The organic and natural cosmetics market is a $22 Billion global market and has risen exponentially since 2018, which means there is a high saturation of these products. Brands who therefore reveal themselves to be making false claims or fail to provide clear and adequate testing on the products labelled as ‘better-for-you’, will lose customers and likely not see them return. The consumer of today is nomadic and has no problem turning their back on a bad brand.

Whilst ingredient sustainability and transparency are priorities for many consumers, it can be difficult to look beyond the label. Literally. In the UK last year 46% of people say they feel guilty about the amount of plastic they use, while 82% are actively trying to reduce the amount they throw away, according to YouGov. It’s no wonder then that beauty influencers are increasingly vocal about wasteful product mailers, calling out brands that send them irrelevant or ornately packaged products. From 2018 to 2019, there was a 100% increase in hashtag mentions, such as “#wastefulpackaging” and keyword phrases like “too much packaging”, while beauty- specific posts containing phrases such as “eco-friendliness” and “sustainability” increased by 25%.

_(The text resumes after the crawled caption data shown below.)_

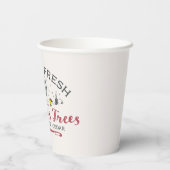 Peanuts | Boerderij Verse kerstbomen Papieren Bekers (Achterkant)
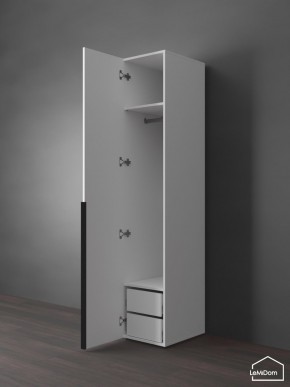 Шкаф Linnea MHR-1-3 2050х400х510 (Белый-М 11.1.1) в Екатеринбурге - ok-mebel.com | фото 5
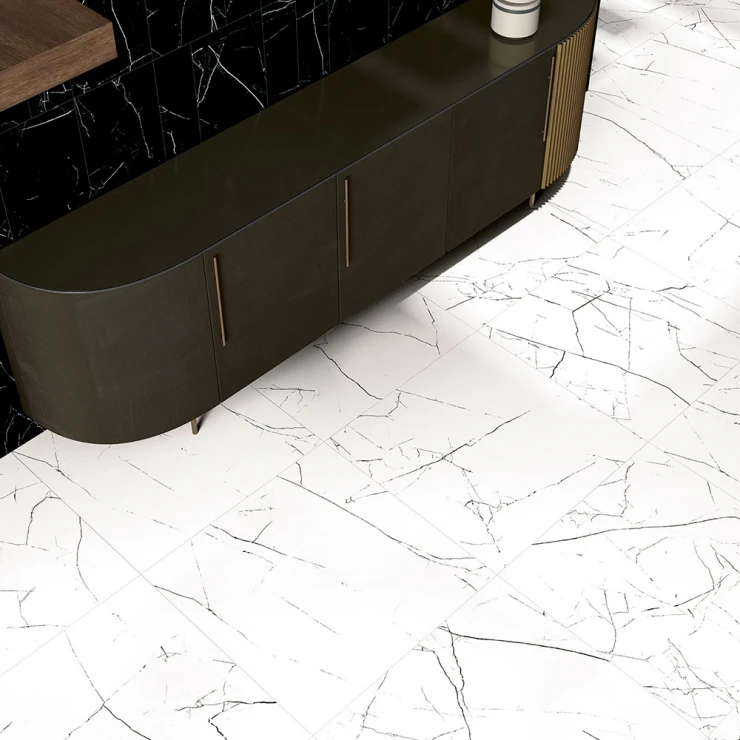 Unicomstarker Marmor Gulvflis Reverse Matt-Sateng 60x60 cm
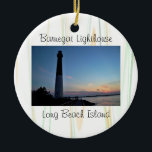 Barnegat Lighthouse Sunset Ceramic Tree Decoration<br><div class="desc">Barnegat Lighthouse Sunset Ornament</div>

Consumers want brands to do more to help them do this and some retailers are listening. In early 2019, cosmetics retailer Lush opened its Naked store in Manchester, exclusively selling plastic-free products and packaging alternatives such as solid shampoo and conditioner bars, deodorant bars, and bath soaks and toothpaste without wrappings or bottles. Bigger companies like Unilever are also trying to do the right thing, pledging to cut down its plastic usage and halve its use of “virgin plastic” by 2025. Earlier this year, L’Oréal publicly committed to using 100% eco-friendly packaging (meaning compostable or reusable) by 2025.

From packaging we move onto the newer global conscious shopping trend: ‘blue beauty’. Otherwise referred to as ‘waterless beauty’, this concept refers to products that aim to protect the oceans and water supplies, such as One Ocean Beauty. According to WWD this trend is the “next generation [of] clean beauty’’Some big brands have been trying to make changes in this regard. L’Oréal achieving a 60% reduction in water consumption per finished product last year and Unilever halving the water associated with the consumer use of its products. More unique though, is Procter & Gamble’s new line that launched in the US this January, called Waterless. This product is a solid shampoo, but it is not just any solid shampoo. The originality of the product comes not from the Lush- ‘esque’ solid form, but from the fact that is does not require water to activate it – a huge step forward for a sustainable future.

2020 looks set to see huge developments in the sustainable retail landscape. With shoppers more aware of their own, and more importantly of brands impact on the environment, creating or highlighting innovative solutions to sustainable products will not only be profitable, but essential in maintaining brand loyalty and attracting new customers.